Appello e critiche sono stati lanciati nel corso dell’assemblea del personale della Provincia Regionale promossa dalla Cisl Funzione Pubblica e dalla Rsu aziendale, con l’intervento del segretario provinciale Gianfranco Di Maria che ha rilanciato la provocatoria proposta – dal momento che sono considerati enti inutili – di abolire tutte e nove le Province in Sicilia, così da economizzare maggiormente sulla spesa pubblica, anziché salvarne alcune a discapito di altre.

Di Maria ha ribadito nell’aula consiliare dell’ente tutti i penalizzanti rischi scaturenti dall’accorpamento di un territorio che prima di ogni cosa perderebbe in rappresentatività: ha fortemente stigmatizzato la mancata interlocuzione con la politica e con i candidati alle prossime elezioni regionali, in una Sicilia presa da una campagna elettorale che non ha rivolto alcuna attenzione al problema, così che il segretario della Cisl Fp ha auspicato di portare tale problematica al cospetto di un’assemblea cittadina con il coinvolgimento di tutte le rappresentanze socio-economiche.

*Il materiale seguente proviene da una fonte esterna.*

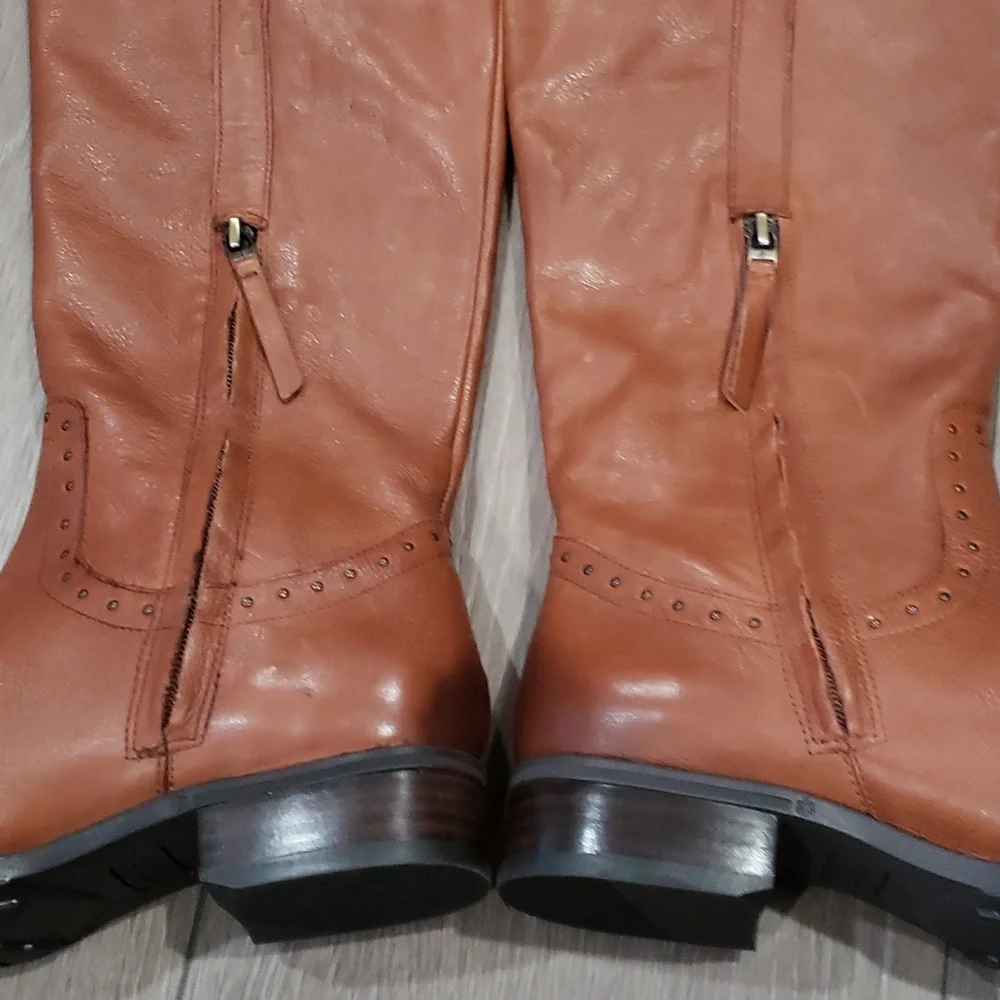 Sam Edelman Brown Heeled Knee High Boots 7.5 - Picture 3 of 12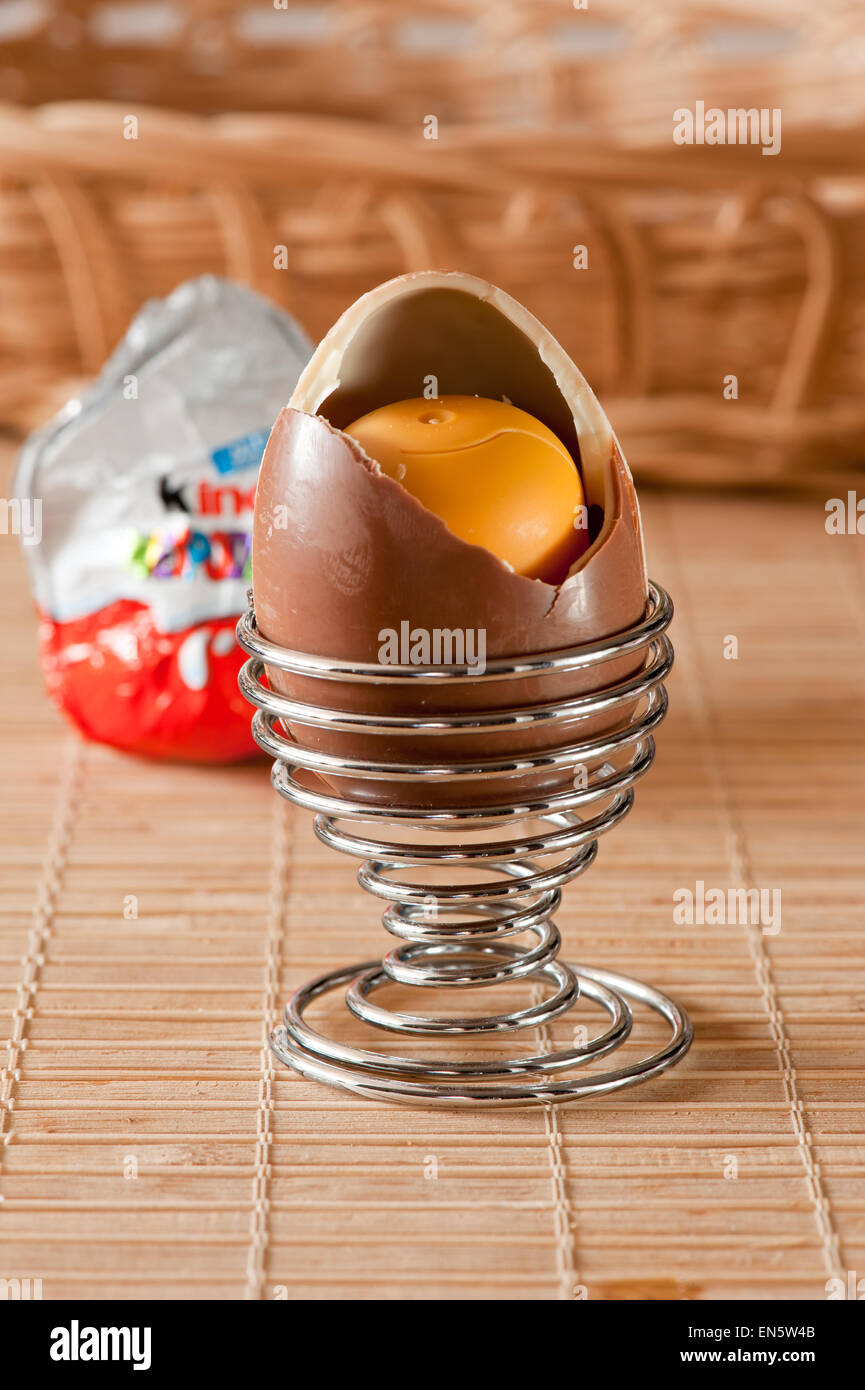 Opened Kinder Surprise egg Stock Photo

Si vogliono sopprimere le Province – è stato ancora detto nell’assemblea – mentre si continuano a mantenere enti come gli Ato, i Consorzi, ecc., che si sono rivelati disastrosi, con vertici non democraticamente scelti e le cui competenze avrebbero invece dovuto essere espletate proprio dalle Province. La “spending review 2”, è stato altresì ricordato, assegna sei mesi di tempo alle Regioni a statuto speciale per procedere agli accorpamenti dei territori provinciali che non hanno i previsti requisiti, il che vuol dire che tale termine in Sicilia decorrerà dalla conclusione delle prossime elezioni: una scadenza che dovrà essere obbligatoriamente osservata. Sono così venute le proposte di accentuare, nel tempo rimasto a disposizione, l’interlocuzione a livello regionale, coinvolgendo intanto le altre Province a rischio soppressione.